Are you constantly exposed to asbestos fibers? Exercise caution as it may very well lead to asbestosis. Asbestosis can be very deceptive as it develops years after exposure to the asbestos fibers. Asbestosis is a lung condition, referred to as "diffused pulmonary fibroses". Asbestosis could range in severity from mild asbestosis to severe asbestosis. While mild asbestosis hardly results in any impairment, severe asbestosis could prove to be fatal. The asbestos worker who smokes is very susceptible to lung cancer. The risk of asbestosis will be reduced if the asbestos fiber in your working environment is reduced. Wear appropriate masks and gears if you seek to remodel an old house. Note that asbestos fibers are difficult to destroy, as they are too long and resistant to breakdowns.
Reasons for Asbestosis
If you are directly involved in the mining or processing of minerals, you are more vulnerable to asbestosis. You also risk asbestosis if you are involved in the production of items containing asbestos. If you are an asbestos worker, change your clothing before going home. Remember that your family members may contact asbestosis by inhaling the asbestos fibers in your clothing. Building materials that contain asbestos could also cause a lot of concern. In case, insulation materials or ceiling tiles start to decompose, asbestos fibers may become airborne and may pose a serious risk to your health. Contaminated food or liquids could cause asbestosis. Erosion or natural deposits or corrosion could also cause asbestosis from asbestos-cement pipes.
Headache, irritability, syncope and bounding pulse are also symptoms of anemia. Observable signs of anemia are: tachycardia, mild peripheral edema, ejection systolic murmur and venous hums. Angina pectoris among old people is a clear sign of anemia. Females tend to develop abnormal menstruation and amenorrhea if anemia affects them whereas males develop impotence and decrease in libido. Anemia could either be the result of an inherited disorder or it could result due to your environment, such as infection or exposure to a toxin or a drug.
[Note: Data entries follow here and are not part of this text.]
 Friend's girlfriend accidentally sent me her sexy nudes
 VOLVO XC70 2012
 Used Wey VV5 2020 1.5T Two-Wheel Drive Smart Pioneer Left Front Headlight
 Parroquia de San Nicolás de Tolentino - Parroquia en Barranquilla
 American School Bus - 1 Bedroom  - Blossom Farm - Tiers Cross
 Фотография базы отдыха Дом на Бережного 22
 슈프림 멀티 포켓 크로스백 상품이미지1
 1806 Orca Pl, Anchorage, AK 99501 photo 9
Symptoms of Asbestosis (Diagnosing Asbestosis)
Symptoms of asbestosis include shortness of breath, referred to as dyspnea. Note that dyspnea appears first only upon exertion and subsequently occurs at rest. It seldom occurs before a decade of exposure. Persistent and productive cough could also be a symptom of asbestosis. The troublesome dry cough may sometimes end up in chest pain. Other symptoms include chest pain, chest tightness, fitful sleep, ill feeling and appetite loss. Inability to engage in physical activity is also a symptom of asbestosis. You may note that the symptoms of asbestosis are similar to that of asthma. But, the effects of asbestosis are insidious, occurring over months and years.
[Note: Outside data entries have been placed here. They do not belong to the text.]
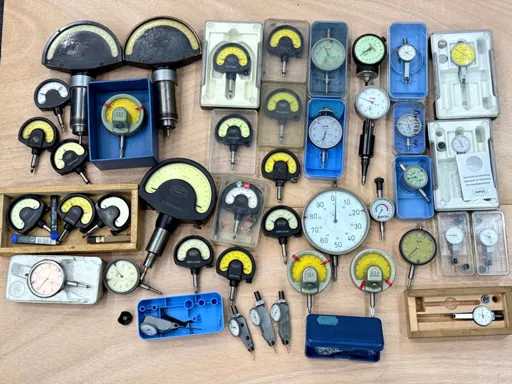   Molti indicatori a quadranti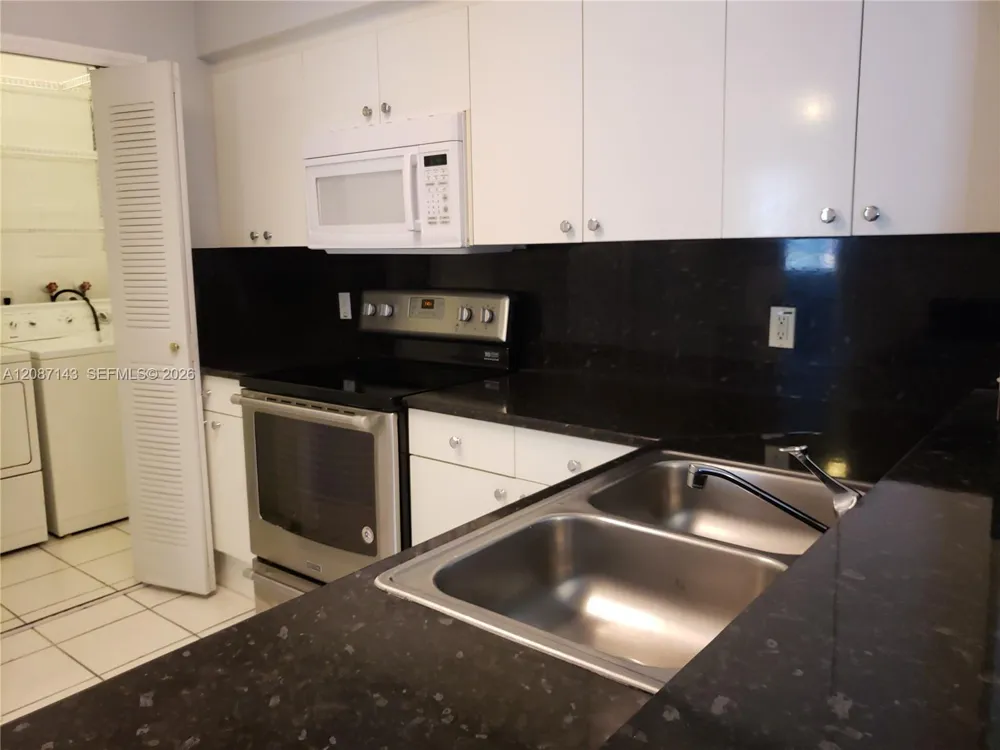 9340 Fontainebleau Blvd #W212 Miami, FL 33172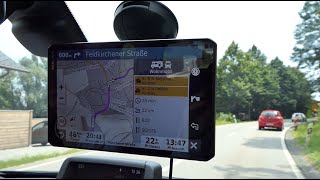 Unboxing Premium-Navigator Garmin Camper 890 MT-D für Wohnmobil/Wohnwagen – GPS-Navi - Review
Beware of pulmonary function deficiencies that could result in asbestosis. Pulmonary function tests could reveal a restrictive lung disease. Advanced symptoms of asbestosis could include clubbing of the fingers or cor pulmonale. Note that people with asbestosis have a higher risk of developing a malignancy. Lung function tests could be carried out to diagnose asbestosis. Lung function tests detect scarring of lungs or a reduction in the amount of air that is breathed in and out. CT scans or chest x-rays could also help in diagnosing asbestosis.
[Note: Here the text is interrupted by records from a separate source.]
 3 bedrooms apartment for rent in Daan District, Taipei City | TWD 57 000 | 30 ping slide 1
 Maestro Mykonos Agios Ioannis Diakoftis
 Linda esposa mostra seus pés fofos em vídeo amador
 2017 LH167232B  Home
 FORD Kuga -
Doctors diagnose asbestosis through basal crackles or rales. Irregular opacities in x-rays could also indicate problems. Asbestosis obscures normal lung vasculature and is first seen in the lower lateral lobes in between the rib shadows. It reduces lung volumes and capacities. Note that asbestosis has no specific symptoms. It is a chronic progressive disease, implying that once the symptoms start they do not get better.
Treatment of Asbestosis
There is no cure yet for asbestosis. Treatment of asbestosis involves preventing further complications of the disease and treating its' symptoms. The speed with which the condition progresses depend on factors such as: how much as asbestos has breathed in, if the disease has occurred soon after exposure, if there are other symptoms such as clubbing and if the patient smokes. The most reliable treatment for asbestosis is oxygen therapy as it increases the flow of oxygen into the body and counteracts the effect of breathlessness. Symptoms are relieved by the use of corticosteriods and immunosuppressive drugs. A procedure called thoracentesis is used to make the breathing easier. Though not extensively used, lung transplantation has achieved occasional success in treating asbestosis. Aggressive smoking could act detrimental in treating asbestosis. Flu and pneumococcal vaccinations are essential to treat asbestosis as it prevents chest infections.
Respiratory therapies such as bronchial drainage or the use of ultrasonic mist humidifier could help in clearing secretions from the lungs. Large crowds should be avoided as they may cause respiratory infections. Patients should also undergo regular chest x-rays to detect cancer associated with chest infections. Patients may experience shortness of breath if the disease becomes more pronounced. Shortness of breath could prove detrimental to regular activities and the patient may need oxygen.